Well documented by Bernard Goldberg. He's best known for his shrill accusation that the media almost always label conservative political figures as "conservative" while rarely describing well-known liberals as "liberal." Separate Lexis word-searches by the Daily Howler blog and Geoffrey Nunberg of Stanford revealed that Goldberg had it exactly wrong. Ted Kennedy was almost always described as "liberal," while Trent Lott, Strom Thurmond, and Phil Gramm got passes. I saw an ad for Goldberg's new book, titled something like "The 100 Worst Americans," which says on the cover, "Hint: Al Franken is Number 67."
The "liberal" NY Times has a set policy in its Book Review. A book on global warming by Jared Diamond is reviewed by...that good-news global warming skeptic and hack, Gregg Easterbrook. A puff biography of George W. by David Shrum is reviewed by David Brooks. And so it goes.
The other piece that got my goat was in the Nation. David Rieff of the New York Times magazine reviews Squandered Victory: The American Occupation and the Bungled Effort to Bring Democracy to Iraq by Larry Diamond (published, I notice, by Times Books). Right off, I'm suspicious. Those liberal hawks at the Times magazine who were for the war in the first place--Rieff, Michael Ignatieff, George Packer--have no credibility with me. I heard Larry Diamond last year on TOTN interviewed by that lickspittle Neal Conan. Diamond, who had been a consultant/advisor to the Coalition Provisional Authority, was then earnestly hopeful that the occupation might still be pulled off if some tactical errors were rectified.

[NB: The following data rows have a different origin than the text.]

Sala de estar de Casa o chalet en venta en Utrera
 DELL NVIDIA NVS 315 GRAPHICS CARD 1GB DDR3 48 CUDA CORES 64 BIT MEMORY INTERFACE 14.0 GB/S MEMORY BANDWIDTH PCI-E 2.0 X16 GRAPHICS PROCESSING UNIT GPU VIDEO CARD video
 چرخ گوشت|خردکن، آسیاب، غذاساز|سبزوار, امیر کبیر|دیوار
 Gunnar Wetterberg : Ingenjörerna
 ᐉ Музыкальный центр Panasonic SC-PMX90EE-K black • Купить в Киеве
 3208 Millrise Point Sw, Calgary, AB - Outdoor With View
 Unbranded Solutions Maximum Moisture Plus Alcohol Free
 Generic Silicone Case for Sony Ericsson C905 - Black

He was identified by Conan as a professor of political science at Stanford. Dubious, I Googled him and found that he was a "Senior Research Fellow" or somesuch at the Hoover Institution. While the Institution is wholly independent of the University, its "fellows" are "by courtesy" listed as Stanford professors, much to the displeasure of Stanford faculty. Rieff describes Diamond as "a professor of political scence and sociology at Stanford and a leading figure in the academic subdiscipline of 'democracy building'..." Nuff said.

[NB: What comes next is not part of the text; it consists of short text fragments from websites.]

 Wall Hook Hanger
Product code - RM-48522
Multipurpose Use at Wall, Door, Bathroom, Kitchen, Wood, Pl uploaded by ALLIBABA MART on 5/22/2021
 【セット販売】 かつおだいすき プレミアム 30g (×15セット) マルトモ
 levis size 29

So how are things going in Iraq? Well, Rieff tells us, some on the right---Dick Cheney, Max Boot of the LA Times and Weekly Standard--have been wildly overconfident, while much of the "hard left, or what passes for it in the United States and Britain, has not been much better." For example, a woman writing in the New Left Review called Baghdad "Vichy on the Tigris." Hey, out of bounds! Despite the predictions of left-wing doomsayers, Rieff observes, there has as yet been no civil war between Shiites and Sunnis, "in no small measure thanks to the Shiite Grand Ayatollah Ali al-Sistani." (Rieff here seems to be in synch with Tom Friedman, who in April suggested the Ayatollah as a nominee for the Nobel Peace Prize. "I'm serious," Tom said. Right. "Cover thyself, sister, and get thee home to thy husband, thou whore!")

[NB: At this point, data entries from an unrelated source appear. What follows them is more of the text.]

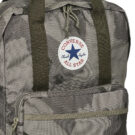 Uomo Converse BP SMALL SQUARE AOP BACKPACK Multicolore Zaino Uomo - 4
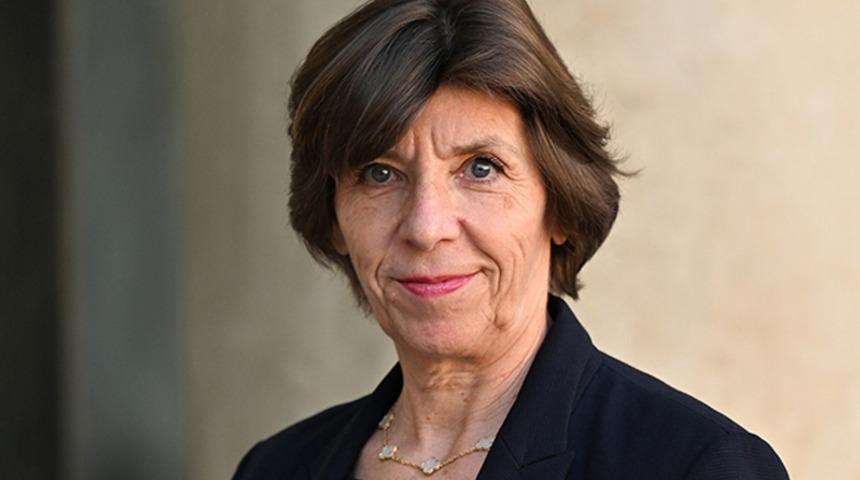 Fransız bakandan skandal paylaşım! Ermenistan toprağı gibi gösterdi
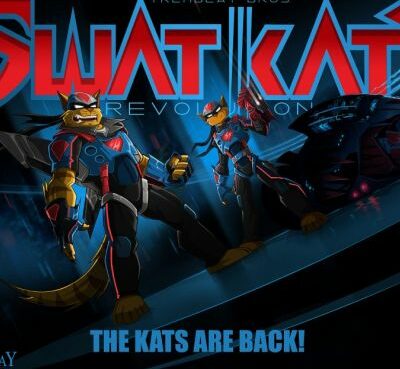 SWAT Kats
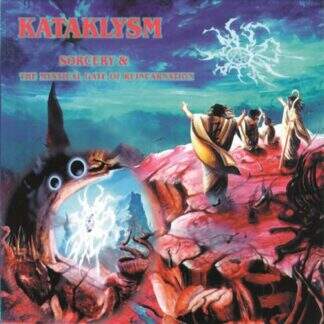 Kataklysm - Sorcery & The Mystical Gate Of Reincarnation CD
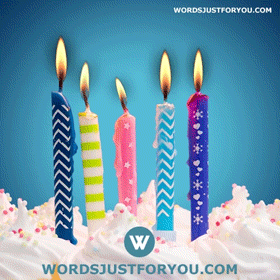 Happy Birthday Gif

So, how are things really going in Iraq? "The fact is, no one really knows how things are going to turn out in Iraq," Rieff says. I do. It's going to be the biggest debacle of American foreing policy ever, not excluding Vietnam. There, after killing three million Vietnamese in fifteen years, we at least got out, and now, thirty years later, relations between the two states are eerily amicable. The entire Islamic world is now arrayed against us, and will be for decades as a result of this. In the end, Rieff is disquieted that although Diamond "clearly has a fine mind and has written a serious and valuable book," he seems to have overlooked "the problem of empire." Oh. Rieff nowhere addresses the central problem--well, perhaps he alludes to it in speaking of Diamond's "kind of senior common room utopianism"---which is that the premise of the book, that there was a victory in Iraq to be squandered, is rubbish. I think Katrina vanden Heuvel is going to be hearing from more than a few readers about this one.